Hoe blij en dankbaar kunnen, mogen en moeten we zijn met de technische mogelijkheden van NU: de virtuele wereld valt in tijd opeens samen met de werkelijke wereld, de grootste afstanden overbrugd.
Mijn man en ik zijn nu vaak in onze stacaravan op de Veluwe; een oude eenvoudige stacaravan, maar die NU samen met de omringende natuur opeens voelt als vorstelijk verblijf.

Ik droom weg ‘ins blaue hinein’; de munten rollen naar het centrum van onze stad en blijven liggen bij het Blauwe Hart, dat 2 jaar voor de eeuwwisseling naast de Nieuwe Kerk is geplaatst.
De Delftse Duyt (1996), uitgegeven voor het 750 jarig bestaan van Delft, laat nu 3 koppen zien: Graaf Willem II, Prins Willem I en Koningin Beatrix; 2 mannen en
1 vrouw. Was Prins Willem I niet indirect door de Spaanse Koning vermoord? Corona het Spaanse woord voor kroon; een kroonziekte in onze Prinsenstad?

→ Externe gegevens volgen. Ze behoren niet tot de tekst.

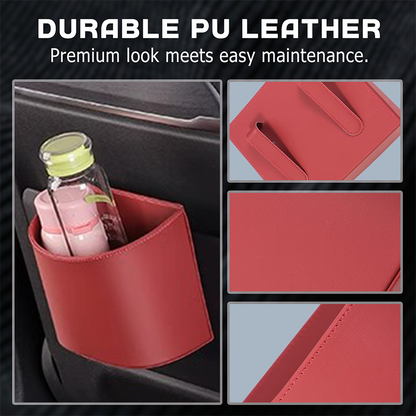 Leather Car Door Cup Holder – Wide‑mouth Opening, Easy Reach for Drinks & Phone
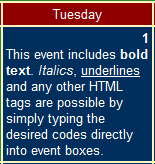 An Event Containing HTML Code and Text In a Web Browser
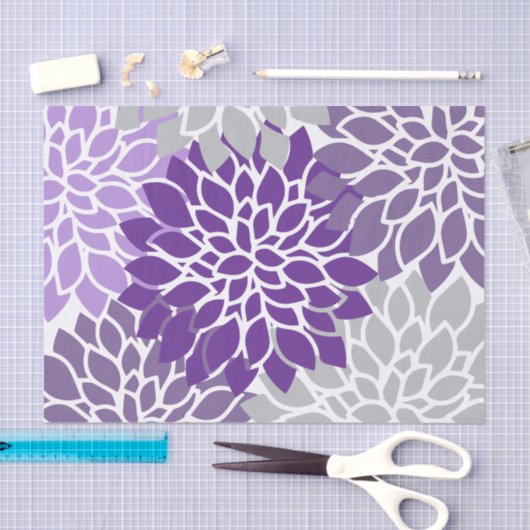 Moderne Paarse en grijze Floral Tissuepapier (Craft)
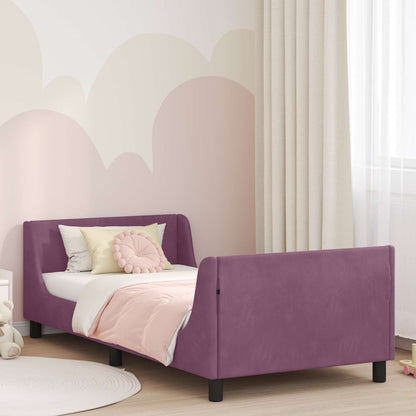 Struttura letto bambini con testata Viola 90 x 190 cm Velluto | homemem39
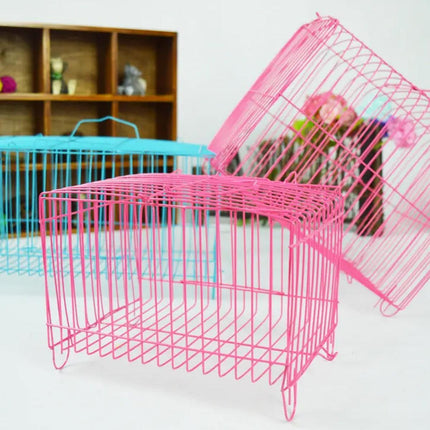 Small Bird Transport Collapsible Cage Travel Pet Carrier Portable Folding Cage - L.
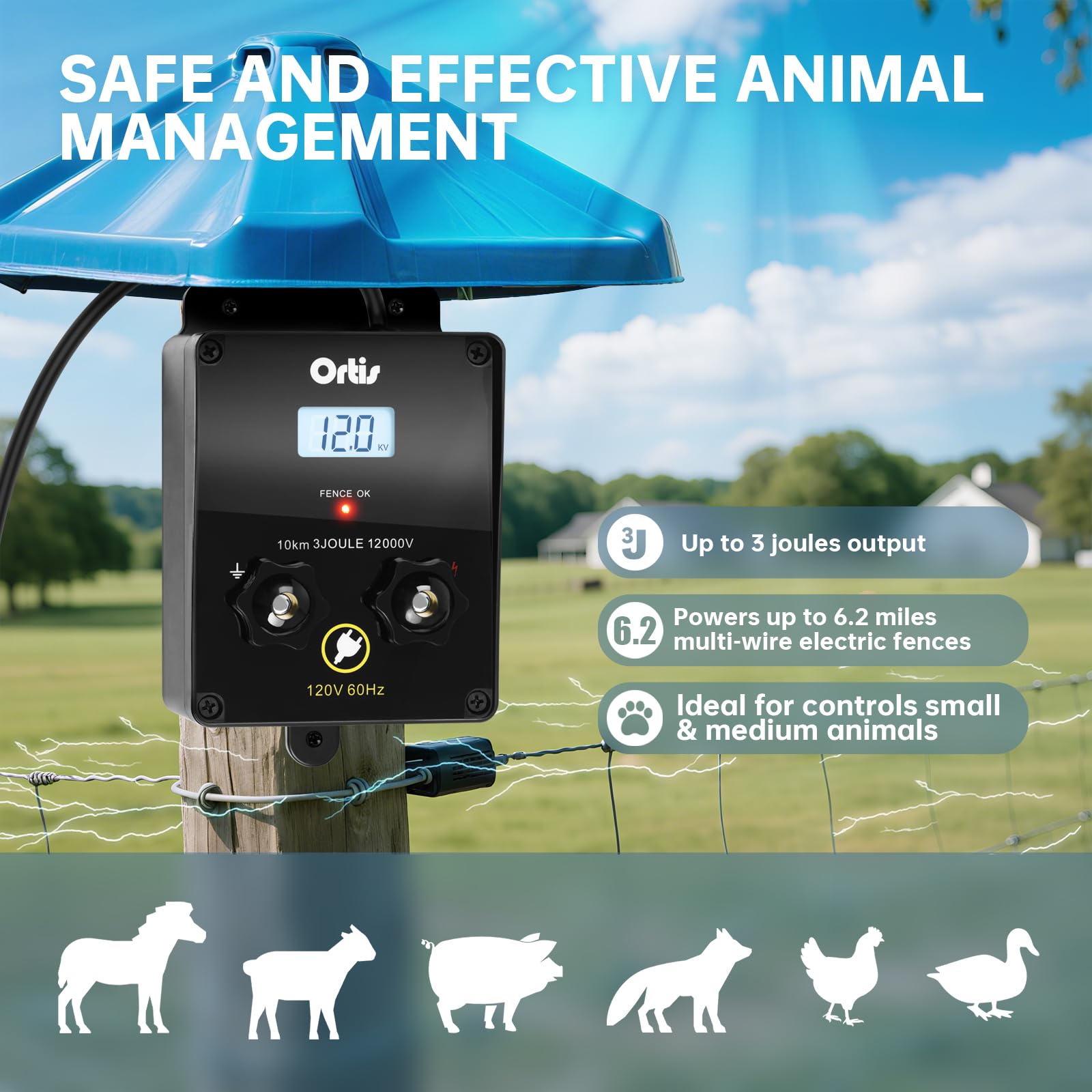 Ortis - Energizador eléctrico para valla con pantalla LCD, 12,000 V, 3 julios de carga eléctrica, rango de 6.2 millas, control seguro y eficaz de animales para protección de ganado, jardín y pastos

Bij dit blauwe hart wil ik jullie graag mijn eigen harte-verhaal vertellen.
Drie jaar geleden, in de nacht die schrikkeldag had kunnen zijn, vertrouwde ik als hartpatiënt mijn hart niet. Voor een dotterbehandeling werd ik in allerijl per ambulance overgebracht naar Den Haag. Bij de katheterisatie bleken alle aderen open en de arts vertelde me niet te weten waar hij de stent kan plaatsen”. De katheter werd uit mijn pols getrokken en ik zei; “Het gaat niet goed…………………………
…………. Van ver naar dichtbij hoorde ik mijn naam noemen en langzaam keerde ik weer terug. Ik opende mijn ogen en keek in de ogen van de verpleegkundige en reageerde : ”Ik kom van heel, heel ver” Ik vroeg me af wie dit zei en ontdekte dat ik dit had gezegd en dat het klopte. De cardioloog had me een schok gegeven. Een half jaar later viel de munt: dat figuurlijk en letterlijk kunnen samen kunnen vallen. Het klopt.

Deze ervaring heeft mij heel diep geraakt in het midden van mijn hart; het samenvallen van weggeweest en teruggekeerd zijn; een uitnodiging om stil te staan bij overbruggen en VERtrouwen, trouw zijn aan VER. Komen we niet allen van ver en keren we hier eens naar terug?

Ik keer terug naar ‘Ins blaue hinein’ en tuur in het Blauwe glazen hart. Er tegenaan kijkend zie ik de munten spiegelen in het glas. Wat is nu nog de waarde van deze munten? Tijd is geld; zijn we niet in de ban van deze koppeling geraakt en is daardoor niet alles zo doorgedraaid dat corona de wereld op zijn kop kon zetten?

Delfse en Delftse vrouwen, van waar je ook mocht komen, in wezen komen we allemaal van hetzelfde VER, laat ons samen een blik in het Blauwe Hart gunnen. Het blauwe hart gevuld met lucht laat ons kijken in ‘Ins blaue hinein’; laat ons samen de moed vinden om zoveel mogelijk te laten kloppen, zowel voor ons gevoel als ons verstand.
Op de grond zie ik een parel verschijnen, eens vereeuwigd in het oor van het Delftse meisje van toen. De parel van ver uit de oceaan laat mij weten: ‘Wij zijn één, vrouwen van toen, nu en later’, vrouwen die alle volgende generaties in zich hebben en zullen dragen. Laten we ons verbonden voelen in het NU en dit proberen uit te dragen op weg naar een helend LATER.